Given records:
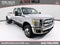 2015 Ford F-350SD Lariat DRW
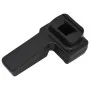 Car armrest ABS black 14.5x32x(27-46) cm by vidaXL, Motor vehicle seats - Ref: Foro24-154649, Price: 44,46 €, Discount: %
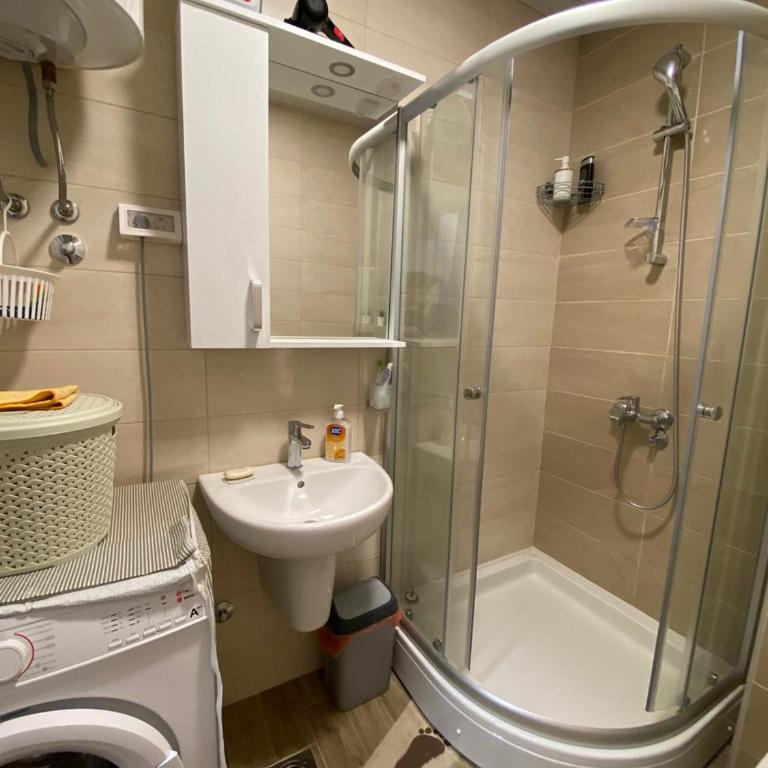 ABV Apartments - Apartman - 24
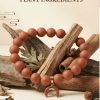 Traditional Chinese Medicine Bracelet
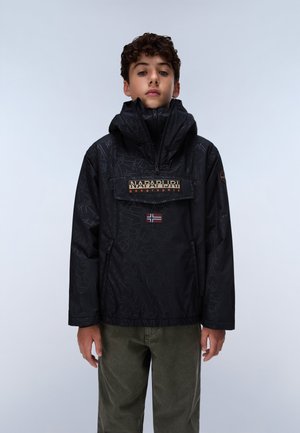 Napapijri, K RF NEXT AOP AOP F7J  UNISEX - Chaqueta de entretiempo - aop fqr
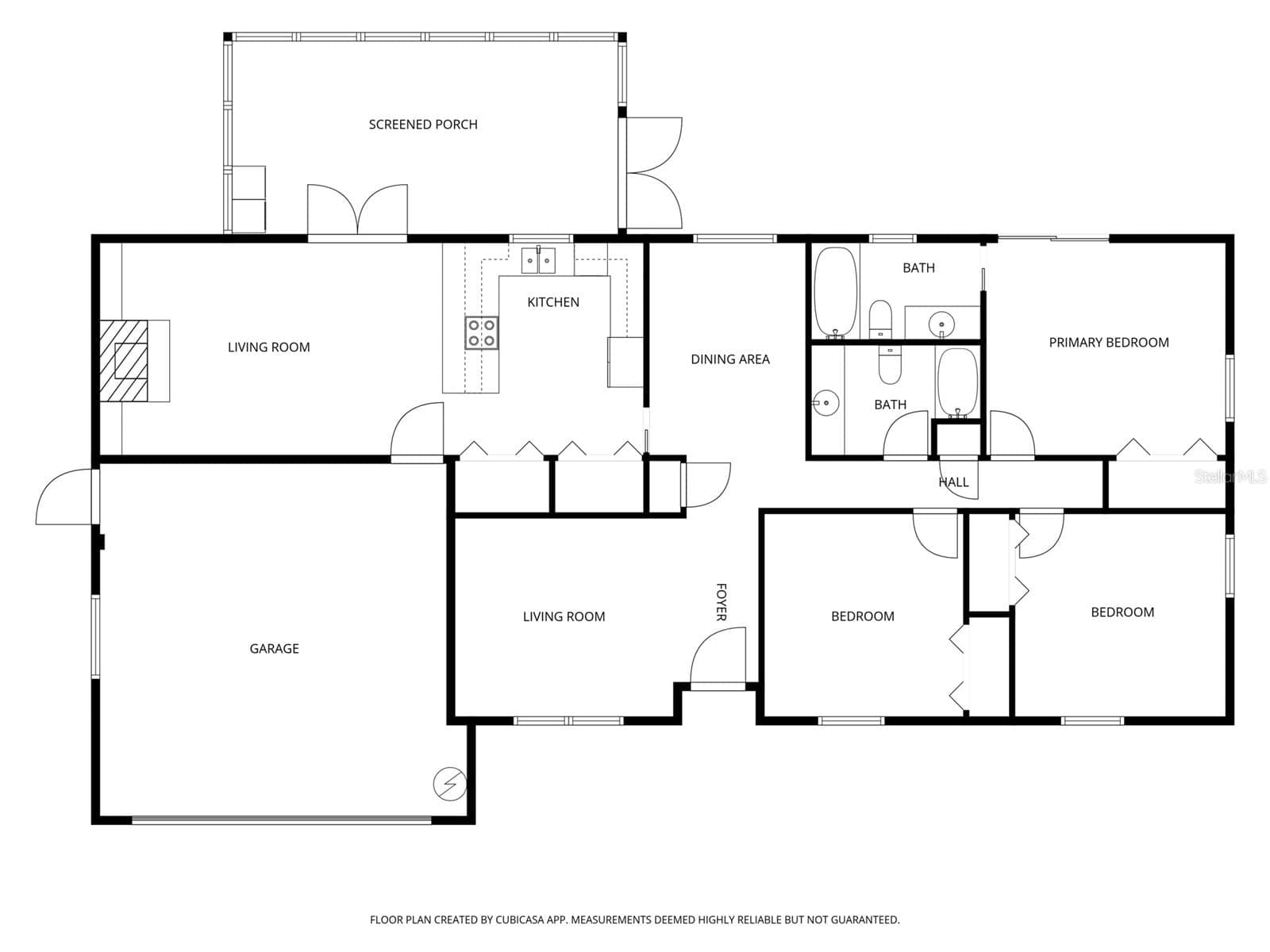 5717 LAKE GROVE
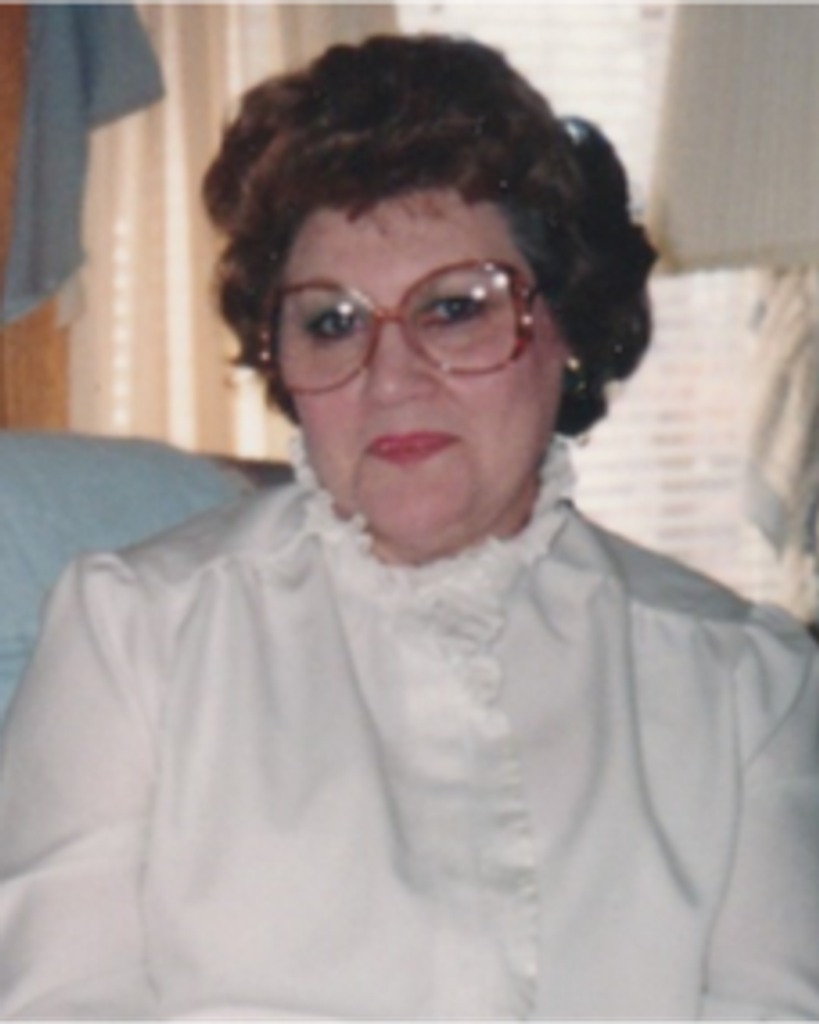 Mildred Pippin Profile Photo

Your assignment:
Restate the data exactly, though only from the line that contains "Traditional Chinese Medicine Bracelet" through its last line, both ends included and with the pictures left out.

Solution to this exercise:
 Traditional Chinese Medicine Bracelet
 Napapijri, K RF NEXT AOP AOP F7J  UNISEX - Chaqueta de entretiempo - aop fqr
 5717 LAKE GROVE
 Mildred Pippin Profile Photo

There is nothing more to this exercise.